Questo colosso delle recensioni turistiche online, applica la tolleranza zero verso le recensioni fraudolente e usa diversi metodi di verifica informatica per garantire la legittimità dei contenuti, e nel caso vengano scoperti degli hotel che aggiustano le recensioni a questi verranno inflitte delle penalizzazioni sulla reputazione interna al portale.
Le false recensioni oltre a contravvenire il codice di condotta di Tripadvisor, sono illegali in: Irlanda, Francia, Regno Unito, Italia e Germania.



E' giusto far capire agli albergatori che sono loro i primi artefici della propria reputazione! Quindi validità della struttura ricettiva, staff all'altezza, pulizia, camere, cibo, ecc... allora in questo caso le recensioni spontanee saranno quasi sempre positive e in base anche all'età della clientela, numerose.

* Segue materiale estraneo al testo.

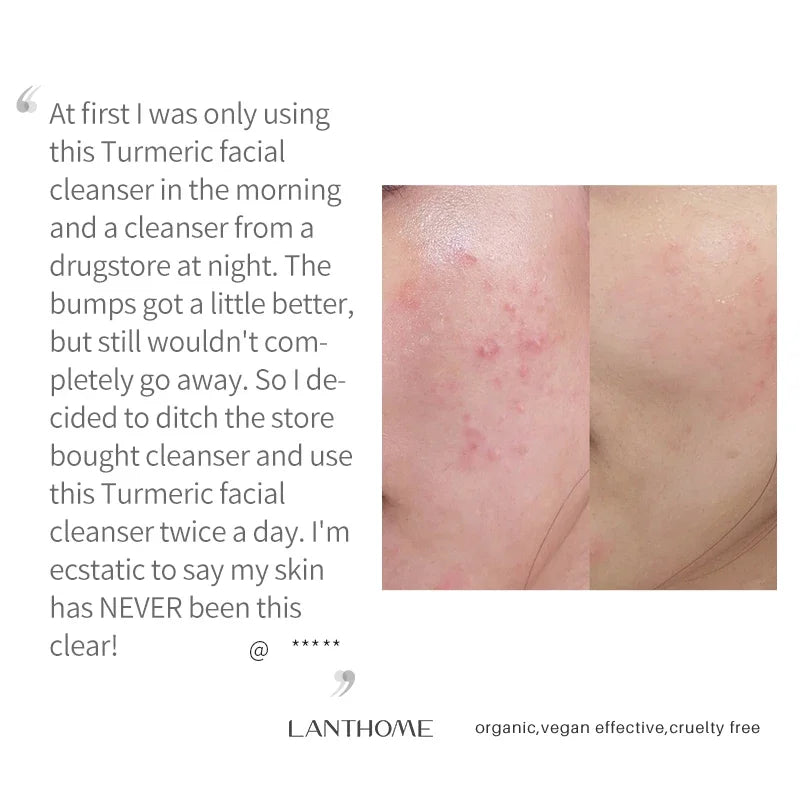 Turmeric lemon Skin Care products Acne Dark Spot Remover…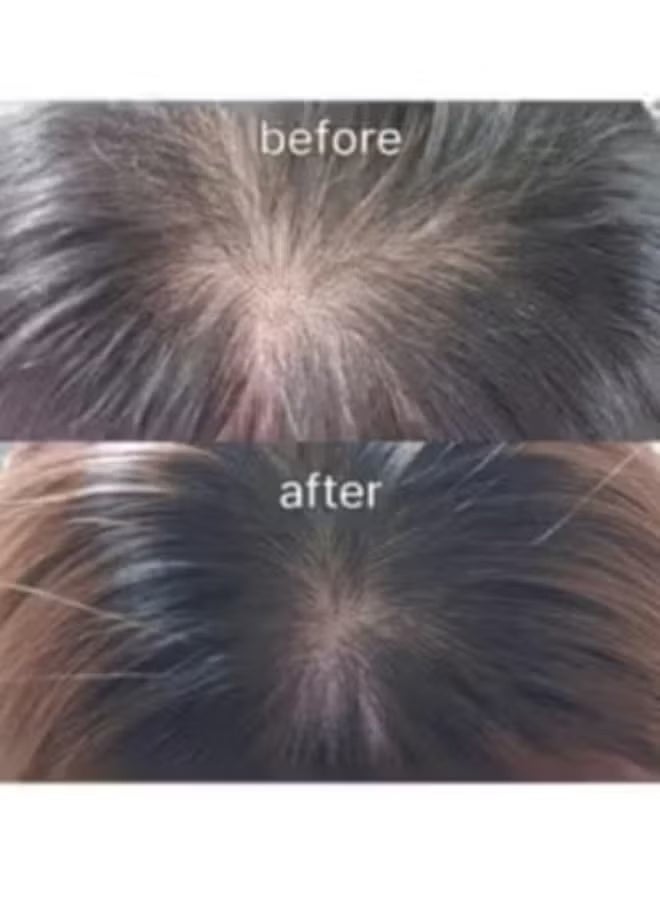 Revive Therapy Hair Scalp & Brow Ampoule 15ml - Image 3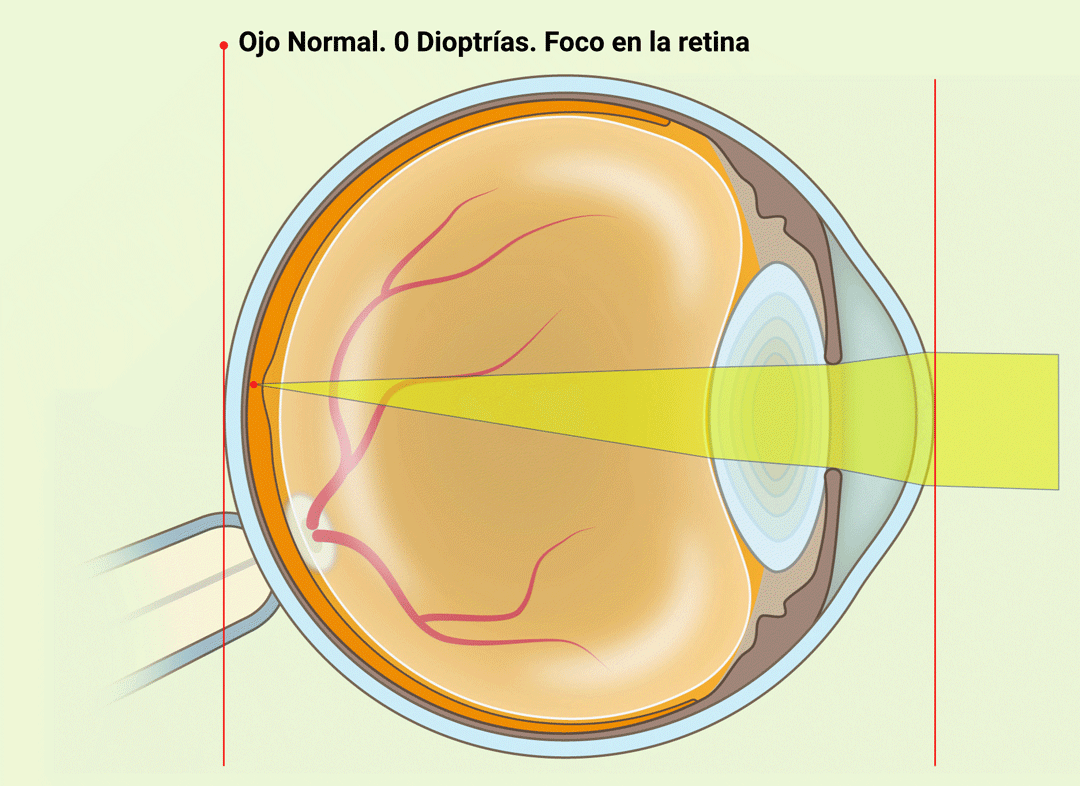 Miopía - Ejemplo -8 dioptrías - VERTE Oftalmología Barcelona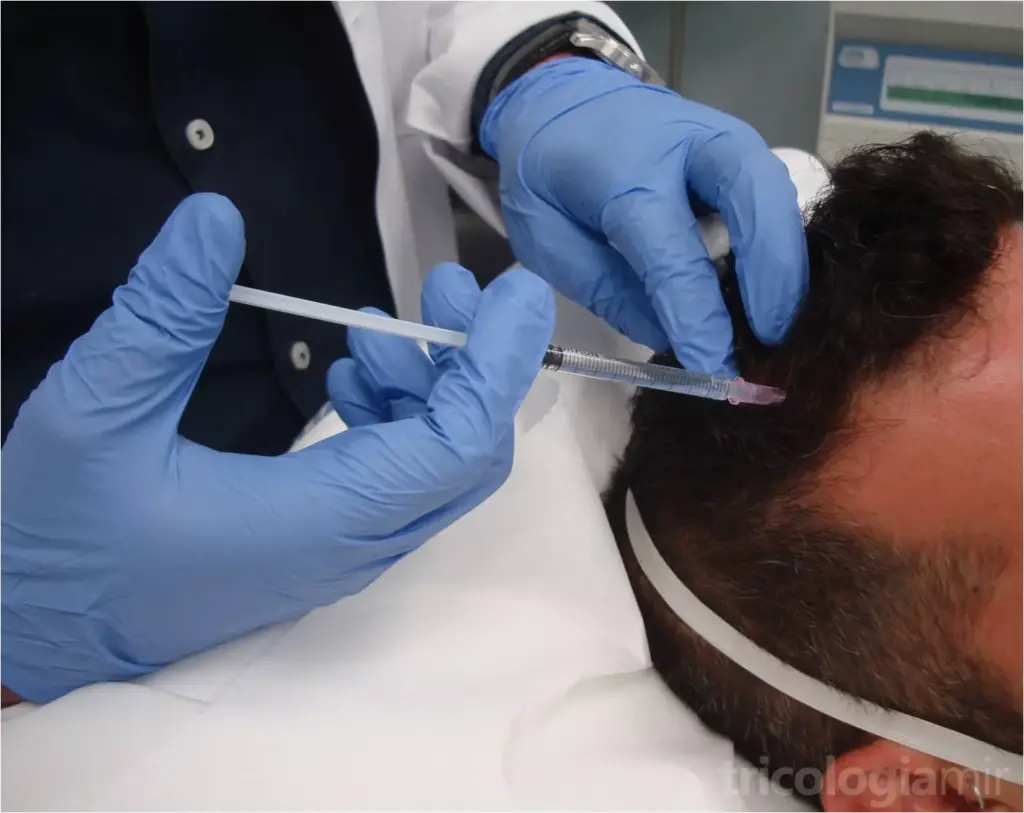 Se infiltra 1ml de dutasteride sobre las zonas afectadas de alopecia androgenética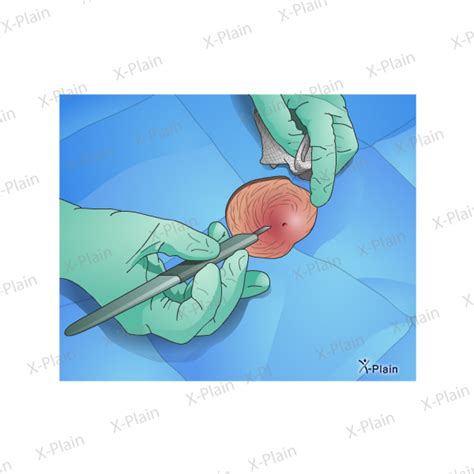 Cyst Removal Surgery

Comunque ci sono vari modi per stimolare (legalmente) i clienti a recensire positivamente il proprio hotel, ecco 3 esempi basilari:
  1. inviare una mail qualche giorno dopo il check out, ai clienti che durante il soggiorno hanno gradito la struttura, con all'interno i ringraziamenti, l'invito a tornare, i saluti e l'invito a condividere la propria esperienza nei social network dove siete presenti;
  2. individuare dal guestbook dell'hotel quei clienti che ci hanno recensito positivamente, un input molto indicativo
  3. posizionare le schede di valutazione nelle varie camere in una posizione ben visibile e al momento del check out farle imbucare nell'apposita cassettina.

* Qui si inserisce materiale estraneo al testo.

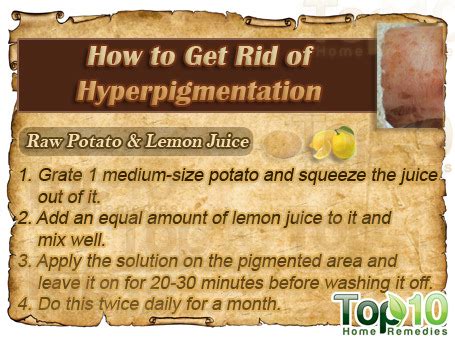 How to Get Rid of Hyperpigmentation | Top 10 Home Remedies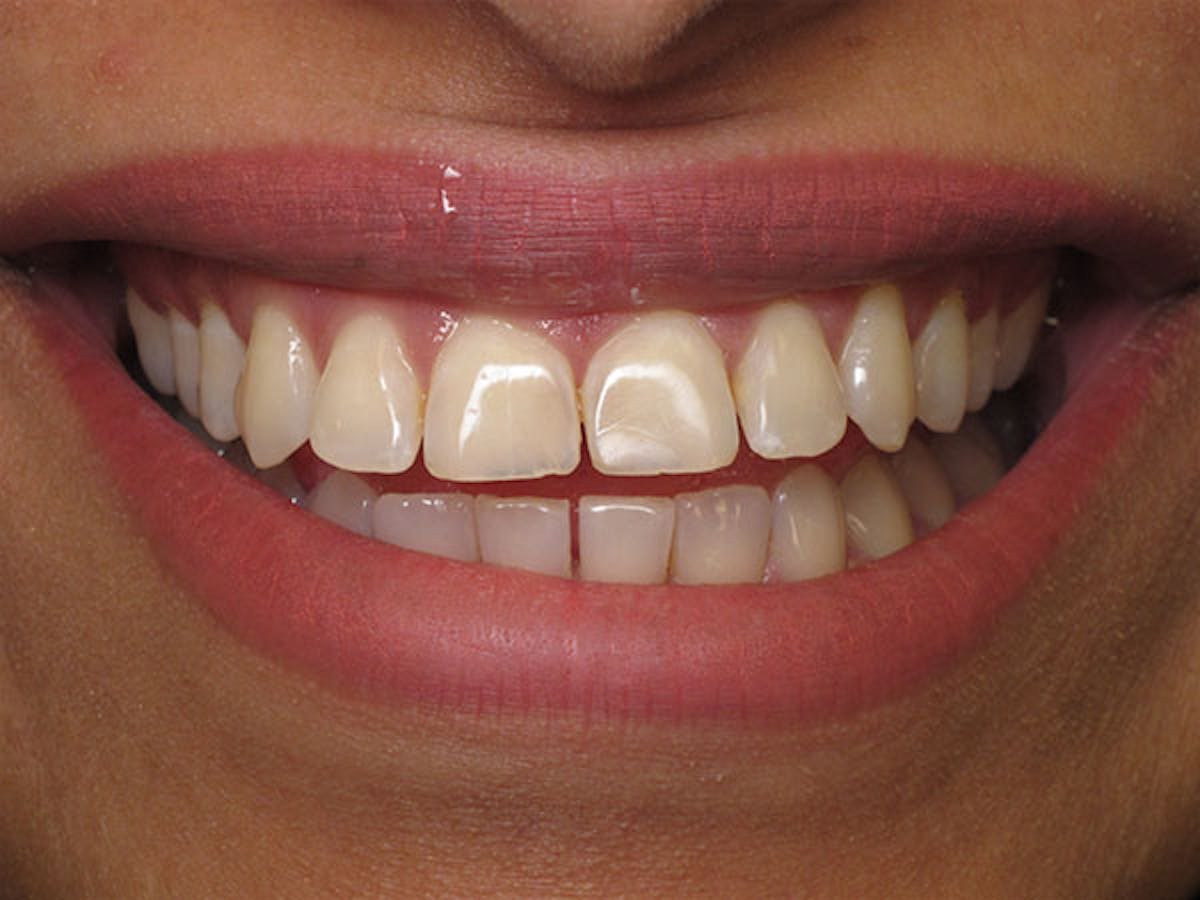 Smile Makeover Closeups Before & After Gallery - Patient 186113369 - Image 1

In 10D abbiamo avuto un risultato ottimo lo scorso anno con un cliente che ha preso la gestione di un hotel che per demerito del precedente gestore, aveva recensioni abbastanza negative, e grazie all'inserimento di alcuni banner all'interno del sito, ha visto incrementare positivamente le recensioni nei siti e portali dedicati. Il merito maggiore va soprattutto al lavoro che quotidianamente lo staff della struttura svolge con i clienti e per mantenere alti gli standard qualitativi. Noi li abbiamo aiutati ad esprimere il loro potenziale con i mezzi informatici che ci competono.
C'è da dire comunque che i clienti che utilizzano i nostri servizi di web marketing turistico e di consulenta, ascoltano sempre i nostri consigli e quasi tutti possiedono un profilo nei maggiori social network, turistici e non.